YOUR OBJECTIVE: From the line containing "this 400×533 image." through the final line of the records, reproduce every line exactly.

RECORDS PROVIDED:
*****

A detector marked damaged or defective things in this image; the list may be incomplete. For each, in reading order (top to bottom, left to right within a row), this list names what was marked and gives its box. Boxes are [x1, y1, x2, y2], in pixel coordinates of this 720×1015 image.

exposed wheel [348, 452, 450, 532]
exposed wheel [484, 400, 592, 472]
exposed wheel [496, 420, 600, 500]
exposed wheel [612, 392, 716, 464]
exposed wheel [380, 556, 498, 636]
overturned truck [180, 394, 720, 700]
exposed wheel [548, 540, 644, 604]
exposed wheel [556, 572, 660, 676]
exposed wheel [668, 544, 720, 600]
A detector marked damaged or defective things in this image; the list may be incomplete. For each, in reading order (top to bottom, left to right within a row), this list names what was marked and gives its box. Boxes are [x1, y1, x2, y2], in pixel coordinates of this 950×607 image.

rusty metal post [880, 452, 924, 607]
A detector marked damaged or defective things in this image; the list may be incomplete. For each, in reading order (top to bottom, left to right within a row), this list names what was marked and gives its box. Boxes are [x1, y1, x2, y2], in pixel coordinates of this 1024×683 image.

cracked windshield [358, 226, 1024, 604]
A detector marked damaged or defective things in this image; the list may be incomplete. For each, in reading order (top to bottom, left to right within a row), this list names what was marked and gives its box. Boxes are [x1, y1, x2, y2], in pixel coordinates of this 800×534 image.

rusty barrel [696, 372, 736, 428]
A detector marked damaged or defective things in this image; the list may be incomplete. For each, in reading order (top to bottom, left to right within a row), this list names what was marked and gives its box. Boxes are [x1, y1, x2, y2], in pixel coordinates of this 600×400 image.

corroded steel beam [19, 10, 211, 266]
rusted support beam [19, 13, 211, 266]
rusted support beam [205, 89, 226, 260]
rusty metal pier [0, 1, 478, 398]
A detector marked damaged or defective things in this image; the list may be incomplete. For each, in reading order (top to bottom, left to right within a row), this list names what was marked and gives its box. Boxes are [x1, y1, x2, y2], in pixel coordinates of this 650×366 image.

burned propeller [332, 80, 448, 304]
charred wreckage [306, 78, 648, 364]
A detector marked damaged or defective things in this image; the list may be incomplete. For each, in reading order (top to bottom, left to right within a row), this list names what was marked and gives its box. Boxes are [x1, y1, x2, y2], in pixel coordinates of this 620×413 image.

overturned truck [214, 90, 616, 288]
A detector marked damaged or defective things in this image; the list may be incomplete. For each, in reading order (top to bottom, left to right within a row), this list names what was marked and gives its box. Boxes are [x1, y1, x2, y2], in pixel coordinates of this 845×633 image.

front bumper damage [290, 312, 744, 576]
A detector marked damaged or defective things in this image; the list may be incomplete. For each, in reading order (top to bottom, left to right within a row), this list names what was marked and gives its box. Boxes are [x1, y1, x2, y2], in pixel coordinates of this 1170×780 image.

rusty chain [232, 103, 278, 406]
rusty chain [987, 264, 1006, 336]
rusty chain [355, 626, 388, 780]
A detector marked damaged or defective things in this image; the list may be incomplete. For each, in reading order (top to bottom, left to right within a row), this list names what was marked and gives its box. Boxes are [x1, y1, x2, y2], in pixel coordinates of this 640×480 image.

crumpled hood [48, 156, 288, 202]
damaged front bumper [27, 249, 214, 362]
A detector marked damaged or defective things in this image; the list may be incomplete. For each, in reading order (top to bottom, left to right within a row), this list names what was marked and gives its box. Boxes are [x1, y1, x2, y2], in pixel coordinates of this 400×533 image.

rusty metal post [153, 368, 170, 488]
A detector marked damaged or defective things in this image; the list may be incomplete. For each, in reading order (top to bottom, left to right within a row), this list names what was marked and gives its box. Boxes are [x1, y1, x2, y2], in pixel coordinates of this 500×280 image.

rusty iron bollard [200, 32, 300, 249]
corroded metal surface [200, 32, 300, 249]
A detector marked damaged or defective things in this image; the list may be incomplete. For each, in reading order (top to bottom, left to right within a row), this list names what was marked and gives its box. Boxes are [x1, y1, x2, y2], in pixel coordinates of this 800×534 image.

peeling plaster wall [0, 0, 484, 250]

*****

WRITTEN ANSWER:
A detector marked damaged or defective things in this image; the list may be incomplete. For each, in reading order (top to bottom, left to right within a row), this list names what was marked and gives its box. Boxes are [x1, y1, x2, y2], in pixel coordinates of this 400×533 image.

rusty metal post [153, 368, 170, 488]
A detector marked damaged or defective things in this image; the list may be incomplete. For each, in reading order (top to bottom, left to right within a row), this list names what was marked and gives its box. Boxes are [x1, y1, x2, y2], in pixel coordinates of this 500×280 image.

rusty iron bollard [200, 32, 300, 249]
corroded metal surface [200, 32, 300, 249]
A detector marked damaged or defective things in this image; the list may be incomplete. For each, in reading order (top to bottom, left to right within a row), this list names what was marked and gives its box. Boxes are [x1, y1, x2, y2], in pixel coordinates of this 800×534 image.

peeling plaster wall [0, 0, 484, 250]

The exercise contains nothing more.